What you are asked to do - Bring together all lines from the listing below that contain the string "Layer".
-- Data provided follows --
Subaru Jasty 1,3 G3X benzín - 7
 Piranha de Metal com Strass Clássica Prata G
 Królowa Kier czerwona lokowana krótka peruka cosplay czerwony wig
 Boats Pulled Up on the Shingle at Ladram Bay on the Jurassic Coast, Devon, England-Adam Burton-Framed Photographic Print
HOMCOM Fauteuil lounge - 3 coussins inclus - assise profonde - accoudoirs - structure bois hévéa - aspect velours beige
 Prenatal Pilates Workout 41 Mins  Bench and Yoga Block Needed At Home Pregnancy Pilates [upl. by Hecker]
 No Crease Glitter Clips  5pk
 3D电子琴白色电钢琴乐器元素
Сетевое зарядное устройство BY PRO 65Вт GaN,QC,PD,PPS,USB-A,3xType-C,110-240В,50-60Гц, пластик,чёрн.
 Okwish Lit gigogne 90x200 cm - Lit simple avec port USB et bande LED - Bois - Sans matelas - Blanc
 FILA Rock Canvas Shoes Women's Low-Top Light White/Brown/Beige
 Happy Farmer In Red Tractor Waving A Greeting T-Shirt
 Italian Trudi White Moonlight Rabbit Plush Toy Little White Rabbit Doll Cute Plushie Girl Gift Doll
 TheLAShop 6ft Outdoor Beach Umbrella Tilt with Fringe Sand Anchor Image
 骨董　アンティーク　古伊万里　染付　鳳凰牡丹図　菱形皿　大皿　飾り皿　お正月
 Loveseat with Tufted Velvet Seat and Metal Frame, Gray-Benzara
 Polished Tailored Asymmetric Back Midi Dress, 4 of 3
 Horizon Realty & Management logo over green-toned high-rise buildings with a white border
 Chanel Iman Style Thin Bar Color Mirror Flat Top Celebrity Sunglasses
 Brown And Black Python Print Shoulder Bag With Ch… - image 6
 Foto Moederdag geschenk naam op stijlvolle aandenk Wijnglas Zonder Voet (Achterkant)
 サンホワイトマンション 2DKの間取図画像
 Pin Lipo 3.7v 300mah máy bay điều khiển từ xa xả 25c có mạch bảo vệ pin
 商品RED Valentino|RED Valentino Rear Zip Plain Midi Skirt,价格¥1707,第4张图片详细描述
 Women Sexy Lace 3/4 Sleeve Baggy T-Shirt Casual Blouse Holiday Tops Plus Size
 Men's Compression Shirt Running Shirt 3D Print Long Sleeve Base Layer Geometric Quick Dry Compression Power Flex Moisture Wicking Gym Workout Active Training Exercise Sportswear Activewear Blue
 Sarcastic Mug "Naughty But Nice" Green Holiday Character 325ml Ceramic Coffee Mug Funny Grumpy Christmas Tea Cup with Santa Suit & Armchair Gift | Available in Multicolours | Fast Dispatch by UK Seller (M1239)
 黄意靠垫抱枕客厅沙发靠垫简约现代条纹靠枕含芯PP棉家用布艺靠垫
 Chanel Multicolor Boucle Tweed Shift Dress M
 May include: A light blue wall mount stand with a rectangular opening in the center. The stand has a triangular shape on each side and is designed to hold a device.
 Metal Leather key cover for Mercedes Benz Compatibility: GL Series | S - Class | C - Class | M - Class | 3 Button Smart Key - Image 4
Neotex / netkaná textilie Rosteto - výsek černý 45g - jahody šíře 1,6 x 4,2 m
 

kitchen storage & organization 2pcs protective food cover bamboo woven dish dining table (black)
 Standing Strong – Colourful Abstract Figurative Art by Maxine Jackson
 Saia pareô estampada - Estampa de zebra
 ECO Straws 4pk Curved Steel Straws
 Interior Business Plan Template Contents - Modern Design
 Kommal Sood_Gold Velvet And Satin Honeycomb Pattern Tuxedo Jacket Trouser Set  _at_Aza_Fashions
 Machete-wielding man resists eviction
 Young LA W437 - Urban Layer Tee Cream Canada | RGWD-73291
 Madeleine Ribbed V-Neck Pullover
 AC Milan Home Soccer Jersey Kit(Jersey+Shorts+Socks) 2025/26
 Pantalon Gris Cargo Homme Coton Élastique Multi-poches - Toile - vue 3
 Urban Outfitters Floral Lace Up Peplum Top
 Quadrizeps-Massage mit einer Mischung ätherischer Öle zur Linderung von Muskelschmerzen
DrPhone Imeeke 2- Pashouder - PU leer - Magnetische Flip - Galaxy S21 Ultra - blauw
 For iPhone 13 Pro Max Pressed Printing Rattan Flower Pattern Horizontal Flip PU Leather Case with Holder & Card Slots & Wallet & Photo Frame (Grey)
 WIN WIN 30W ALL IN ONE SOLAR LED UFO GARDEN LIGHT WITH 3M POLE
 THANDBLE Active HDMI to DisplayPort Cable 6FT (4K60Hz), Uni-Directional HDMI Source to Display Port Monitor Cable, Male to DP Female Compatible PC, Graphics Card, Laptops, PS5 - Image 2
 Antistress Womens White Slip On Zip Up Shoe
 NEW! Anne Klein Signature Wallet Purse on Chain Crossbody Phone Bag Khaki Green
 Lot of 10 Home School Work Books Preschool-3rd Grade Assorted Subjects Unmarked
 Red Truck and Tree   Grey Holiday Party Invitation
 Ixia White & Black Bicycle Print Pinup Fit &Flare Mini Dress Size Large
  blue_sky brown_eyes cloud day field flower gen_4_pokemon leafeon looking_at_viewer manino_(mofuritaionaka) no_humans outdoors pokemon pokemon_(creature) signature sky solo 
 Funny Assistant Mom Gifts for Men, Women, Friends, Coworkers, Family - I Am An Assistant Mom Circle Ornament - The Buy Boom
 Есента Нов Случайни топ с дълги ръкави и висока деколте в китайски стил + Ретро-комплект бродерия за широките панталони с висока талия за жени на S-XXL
-- Data provided concluded --
Output for this task -
 Men's Compression Shirt Running Shirt 3D Print Long Sleeve Base Layer Geometric Quick Dry Compression Power Flex Moisture Wicking Gym Workout Active Training Exercise Sportswear Activewear Blue
 Young LA W437 - Urban Layer Tee Cream Canada | RGWD-73291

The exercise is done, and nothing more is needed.